The government of controversial Venezuelan President Hugo Chavez caused a stir recently by formally introducing a bill to restrict the creativity of parents in naming their children, and the authorities in Ecuador and other countries have attempted to do likewise.
But it is at best bound to take a while.
The Chavez administration, for one, had to withdraw its proposed bill. The practice has deep roots and belongs to regional traditions, and it makes Spanish-language classics like Juan or Ana sound like a person’s parents really did not try hard enough to find a good name for their child.
Across Latin America, there are people with names like Etcetera, Coito (Spanish word for sexual intercourse) or Espiritu Santo (holy spirit), alongside many called John or Robert Kennedy, Richard Nixon, Jefferson, Washington or Napoleon.
In Venezuela, names like Air Jordan, Yesaidu (a variant of “yes, I do”) and Maiparner (from the English “my partner”) are not even rare. There are people named Hochiminh (the late Vietnamese leader), Yusnavy (from “US Navy”) and even Makgiber (from the TV character McGyver).
The practice is by no means new. Jailed terrorist Carlos the Jackal, the Venezuelan-born notorious terrorist who was for decades a member of the Popular Front for Liberation of Palestine (PFLP,) was given the name Ilich (after Lenin’s name in Spanish) Ramirez Sanchez, and his two brothers were called Vladimir and Lenin.
The country’s star footballer of the 1990s was Stalin Rivas, there is a
legislator named Iroshima (Japan’s nuclear-bombed city) Bravo who works
alongside colleagues with apparently made-up names like Maigualida, Aleydis and Zark.
The practice is common in other Latin American countries.
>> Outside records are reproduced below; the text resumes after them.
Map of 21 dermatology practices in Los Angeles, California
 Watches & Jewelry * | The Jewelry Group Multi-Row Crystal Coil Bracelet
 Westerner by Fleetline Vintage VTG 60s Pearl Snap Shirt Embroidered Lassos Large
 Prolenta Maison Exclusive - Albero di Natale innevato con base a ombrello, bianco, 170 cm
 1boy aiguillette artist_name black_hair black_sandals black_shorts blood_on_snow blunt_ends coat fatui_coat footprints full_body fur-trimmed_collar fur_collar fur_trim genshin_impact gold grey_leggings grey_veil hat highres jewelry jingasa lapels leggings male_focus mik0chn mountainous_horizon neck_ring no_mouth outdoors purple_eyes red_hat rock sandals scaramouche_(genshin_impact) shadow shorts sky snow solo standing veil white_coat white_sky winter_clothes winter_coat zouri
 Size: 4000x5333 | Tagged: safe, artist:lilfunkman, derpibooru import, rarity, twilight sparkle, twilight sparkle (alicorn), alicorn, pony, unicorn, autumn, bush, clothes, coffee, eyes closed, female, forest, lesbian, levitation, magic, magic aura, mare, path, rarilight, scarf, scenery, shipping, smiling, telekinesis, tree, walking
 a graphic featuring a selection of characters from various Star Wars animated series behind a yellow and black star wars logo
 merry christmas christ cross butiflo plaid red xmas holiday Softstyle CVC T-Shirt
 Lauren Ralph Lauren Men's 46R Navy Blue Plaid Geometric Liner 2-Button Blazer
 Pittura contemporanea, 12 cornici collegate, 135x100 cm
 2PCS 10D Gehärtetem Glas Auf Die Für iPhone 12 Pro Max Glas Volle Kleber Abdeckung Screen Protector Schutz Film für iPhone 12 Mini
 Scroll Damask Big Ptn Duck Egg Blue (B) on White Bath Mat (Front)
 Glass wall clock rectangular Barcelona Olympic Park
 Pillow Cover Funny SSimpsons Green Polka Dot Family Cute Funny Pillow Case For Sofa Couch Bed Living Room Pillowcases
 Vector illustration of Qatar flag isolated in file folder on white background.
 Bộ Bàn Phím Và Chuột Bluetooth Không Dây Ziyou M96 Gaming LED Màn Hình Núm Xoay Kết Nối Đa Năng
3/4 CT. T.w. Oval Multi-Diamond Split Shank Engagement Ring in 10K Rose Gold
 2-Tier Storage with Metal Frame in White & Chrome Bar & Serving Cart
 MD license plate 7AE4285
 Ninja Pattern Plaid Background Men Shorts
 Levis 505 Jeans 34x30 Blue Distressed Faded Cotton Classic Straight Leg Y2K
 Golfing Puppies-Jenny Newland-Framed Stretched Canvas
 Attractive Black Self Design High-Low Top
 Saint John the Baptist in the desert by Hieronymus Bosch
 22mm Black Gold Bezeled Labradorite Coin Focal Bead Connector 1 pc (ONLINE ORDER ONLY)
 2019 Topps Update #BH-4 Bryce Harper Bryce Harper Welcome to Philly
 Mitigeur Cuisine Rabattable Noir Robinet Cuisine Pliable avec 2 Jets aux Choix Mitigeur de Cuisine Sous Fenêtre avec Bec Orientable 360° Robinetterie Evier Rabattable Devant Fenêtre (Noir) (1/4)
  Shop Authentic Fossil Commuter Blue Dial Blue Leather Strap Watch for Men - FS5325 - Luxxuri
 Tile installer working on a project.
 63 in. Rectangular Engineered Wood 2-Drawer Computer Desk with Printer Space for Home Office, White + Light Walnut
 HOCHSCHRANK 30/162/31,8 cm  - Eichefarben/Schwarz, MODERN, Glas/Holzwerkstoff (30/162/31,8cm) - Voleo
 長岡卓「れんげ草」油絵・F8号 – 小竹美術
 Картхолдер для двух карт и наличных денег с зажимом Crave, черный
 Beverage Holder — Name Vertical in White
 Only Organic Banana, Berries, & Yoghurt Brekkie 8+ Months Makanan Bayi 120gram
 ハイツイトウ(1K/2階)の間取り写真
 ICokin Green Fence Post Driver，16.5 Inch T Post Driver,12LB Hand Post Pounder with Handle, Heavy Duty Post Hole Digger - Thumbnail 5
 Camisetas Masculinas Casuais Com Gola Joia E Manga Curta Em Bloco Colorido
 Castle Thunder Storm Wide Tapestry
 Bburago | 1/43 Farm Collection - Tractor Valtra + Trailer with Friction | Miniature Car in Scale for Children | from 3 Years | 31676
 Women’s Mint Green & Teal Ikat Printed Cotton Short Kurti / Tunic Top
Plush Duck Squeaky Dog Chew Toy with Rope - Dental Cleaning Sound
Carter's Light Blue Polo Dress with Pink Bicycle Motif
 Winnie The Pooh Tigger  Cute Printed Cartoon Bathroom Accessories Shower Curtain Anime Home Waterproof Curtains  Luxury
Cuban boxers with names like Erislandy, Yuriorkis and Odlanier have made headlines in recent months, and the country has produced Olympic medallists in athletics called Osleidys, Yipsy and Anier.
Other names have comic intent: Yotuel (formed by putting together the Spanish pronouns meaning I, you and he), Yanaci (from the Spanish “ya naci,” “I was born”) and Usmail (from “US Mail”) are striking, as are the more universally graphic Danger and Alien.
In Mexico, there are people called Onecent (pronounced in Spanish) and One Dolar (with one “l”), and several citizens have been registered with the name Masiosare, derived from the national anthem verse “Mas si osare un extrano enemigo” (If a foreign enemy dared).
Venezuela, Mexico, Cuba or Ecuador have for decades featured striking names. The practice is most common in rural areas and is particularly popular in certain regions like Venezuela’s Zulia, Ecuador’s Manabi and Mexico’s Tabasco.
In some towns, like Chone in Ecuador, people appear to compete with each other for the most outrageous names, resulting in ID cards for Ali Baba Cardenas, Mary Nissan Loor and Land Rover Garcia.
Chavez may well be right and some stricter regulations may indeed be in order across the region. But going back to Jose and Maria would be dull.